Chief Brig. Gen. Suwahyu and deputy chief Col. Dudon Satya Putra, shed some light on the 1997 fire at the Central Bank building which claimed 15 lives, and the brutal 1986 murder of fashion model Dietje Budiasih Budimulyono.
"In the bank case, the fire was caused on purpose ... it was pure sabotage. The damaging evidence was found on the 18th floor of the building ... thinner had been used to light the fire," Dudon told reporters, during a break in a press meeting on environmental issues.
"From the evidence we found at the crime scene, we can deduce that the fire was a deliberate attempt to destroy important documents, which were burnt on the four floors of the building."
Another Puslabfor officer, who requested anonymity, said a recent reinvestigation into the case, which began in late June this year, revealed that the documents contained data relating to 16 banks liquidated in August, 1997.
"There were also data regarding corruption by at least two former Bank Indonesia directors," he said, refusing to elaborate further.
Suwahyu said the actual parties, who committed the crimes remained unidentified.
The fire on Dec. 8, 1997, dubbed an inferno by some of the bank's employees at the time, gutted the top four floors of a 25- story building, one of the bank's office towers on Jl. Thamrin, Central Jakarta.
Nine of the 15 dead suffocated in lifts on the 23rd and 24th floors of the central bank's building, which was scheduled to be inaugurated a few months later. The other victims burned to death on the same floors.

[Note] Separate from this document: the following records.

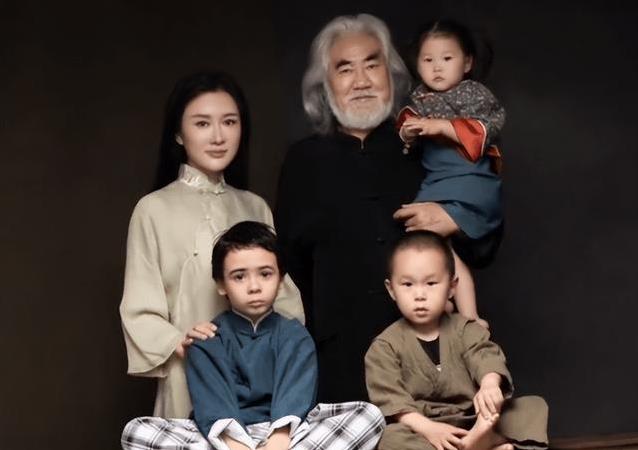 71岁导演娶小31岁娇妻，恩爱8年甜如蜜，现实却让滤镜碎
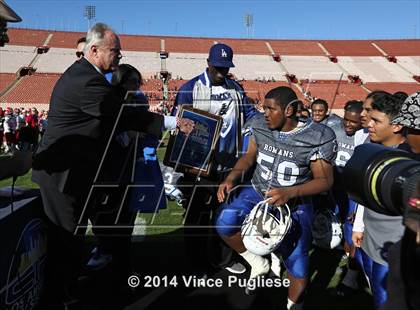Thumbnail 2 in Los Angeles vs. Monroe (CIF L.A. City Section D3 Final) photogallery.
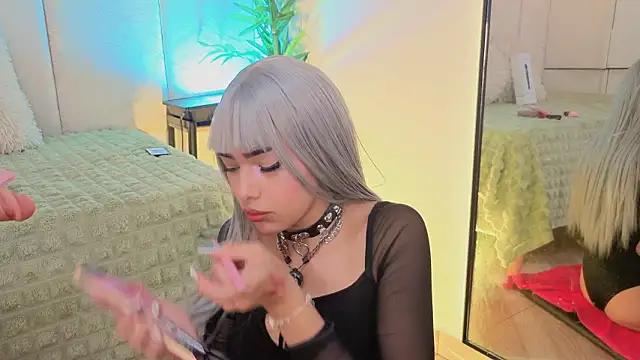  ViolletteNoir  online show from March 26, 2026, 8:47 pm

No official statement about the cause of the fire was ever released. The fire was attributed in 1997 to a minor accident caused by a welding tool, which resulted in grave consequences.
On the murder of 34-year-old pregnant model Dietje, Lt. Col. Bambang Wahyu of Puslabfor's development division said the declared killer Mohammad Siradjuddin, alias Pak De, was a retired Army officer who was a trained shooter and had earlier been posted at the Army Artillery.

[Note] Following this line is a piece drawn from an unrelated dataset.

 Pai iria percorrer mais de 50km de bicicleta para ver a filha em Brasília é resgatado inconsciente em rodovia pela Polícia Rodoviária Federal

Earlier, the convicted paranormal Pak De said in August last year that he was an innocent man, who had "confessed" to the killing, due to the mental pressure of seeing his two sons undergo continued physical torture.

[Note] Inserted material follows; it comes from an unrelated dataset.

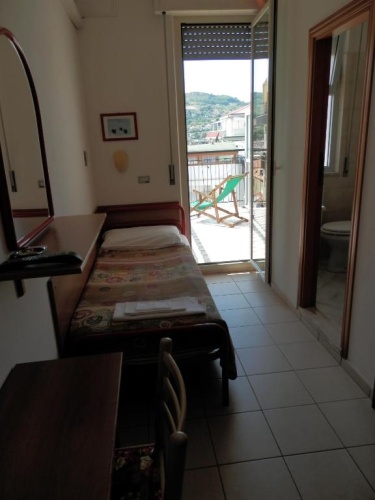 Standard Single room with balcony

"Pak De reconstructed the entire scene in front of several police officers. He showed us exactly how he shot, and where. A girl was made to sit in the driver's seat, where Dietje had been shot to death in the white Honda Accord sedan," Bambang told The Jakarta Post.
"Pak De, who was then seated in the passenger's seat, showed how he had pulled the girl's head to his side and fired five shots at a very close range."
"Before this reconstruction, Puslabfor had already determined through examination of the wounds and the gunshot residue left on the wounds, which was the first, the second, third and so on shots," he said.
"This was never revealed to anybody outside of the ballistics unit. Not even the police investigators. If Pak De is no killer, how did he know which shot was made first?"
Bambang added that the Puslabfor investigation, which went on for six months from the time of death on Sept. 8, 1986, concluded that the revolver belonged to a security guard of the now defunct Bank Bapindo.
A Puslabfor report on the case failed to mention how the revolver got into the hands of the then suspected killer, Pak De.
"The only way to uncover the mystery is if the Indonesian courts demand a reinvestigation into it."(ylt)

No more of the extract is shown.